Texas Public Policy Foundation v. Department of State and Its Potential Unanticipated Consequences
By Bernard Bell, Yale L.J. on Regs., Notice & Comment, June 9, 2025
Recently, as noted in this blog, a Fifth Circuit panel considered whether the names and email addresses of low-level federal employees who worked on climate change issues must be provided to a Freedom of Information Act (“FOIA”) requester. The divided panel issued a strong pro-transparency decision, concluding that government employees, even low-level ones, generally lack a privacy interest in their identities and official email accounts. Texas Public Policy Foundation v.
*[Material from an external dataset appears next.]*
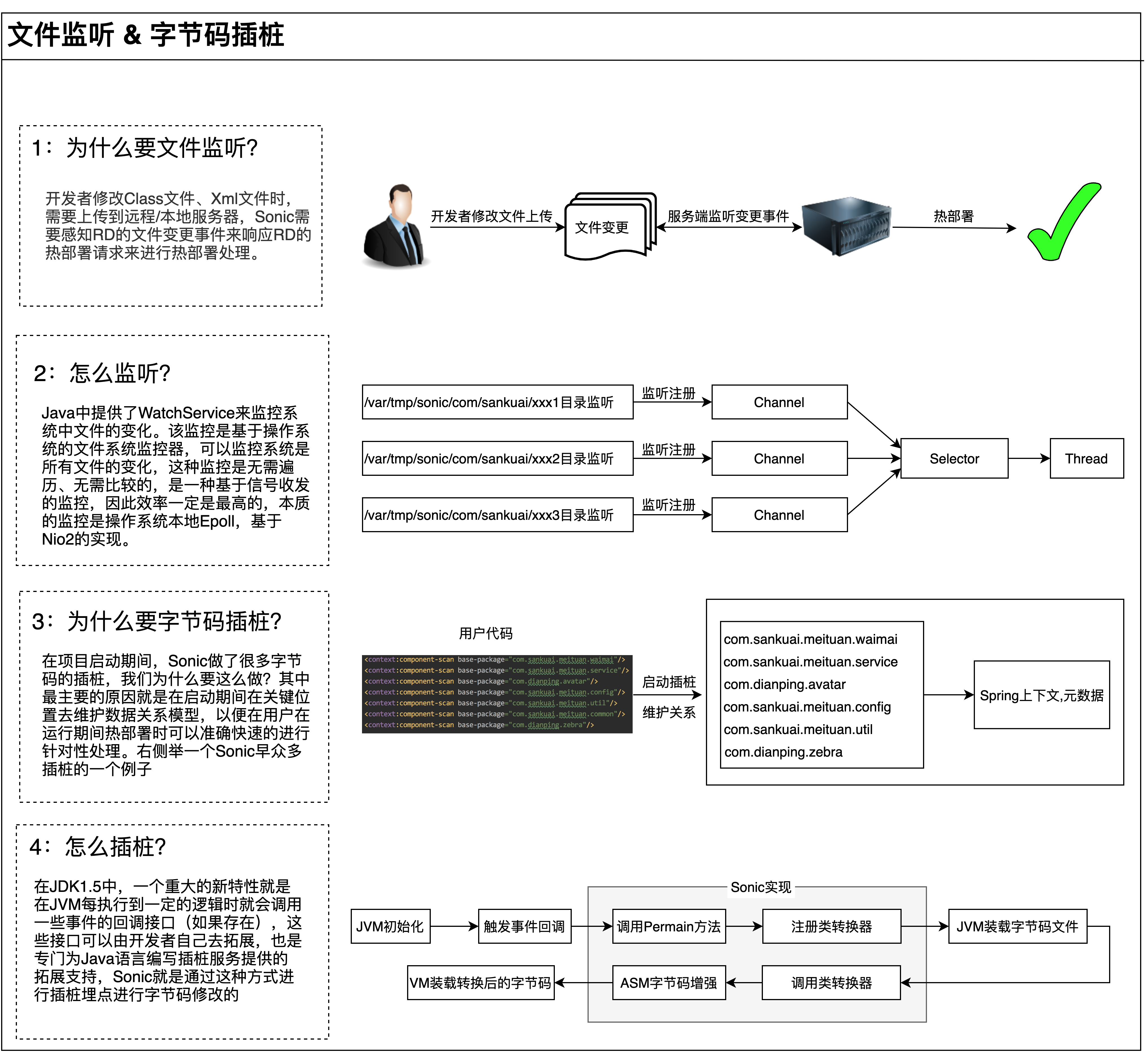 图 11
Department of State, 136 F.4th 554, 2025 WL 1287890 (May 5, 2025). Indeed, the information requested would enable the public to learn the “seniority, backgrounds, and areas of expertise” of employees who contributed to the development of an important public policy, furthering FOIA’s transparency goals.[1]
However, the Fifth Circuit’s decision may produce unanticipated anti-transparency consequences. It may enhance the government’s justification for withholding records prepared as a part of developing public policy under FOIA Exemption 5’s deliberative process privilege. And such potential consequences take on special meaning in the context of the “foreseeable harm standard” of disclosure added to FOIA in 2016, FOIA Improvements Act of 2016, Pub. L. 114-186, §2, 130 Stat. 538, 539 (codified at 5 U.S.C 552(8)(A)(i)(I)). Under that standard, agencies must disclose records falling within FOIA’s exemptions unless their release risk the types of harms the exemption was designed to prevent. See, OIP Guidance: Applying a Presumption of Openness and the Foreseeable Harm Standard[2] Ultimately, then, the Fifth Circuit panel’s decision may result in less, not more, transparency.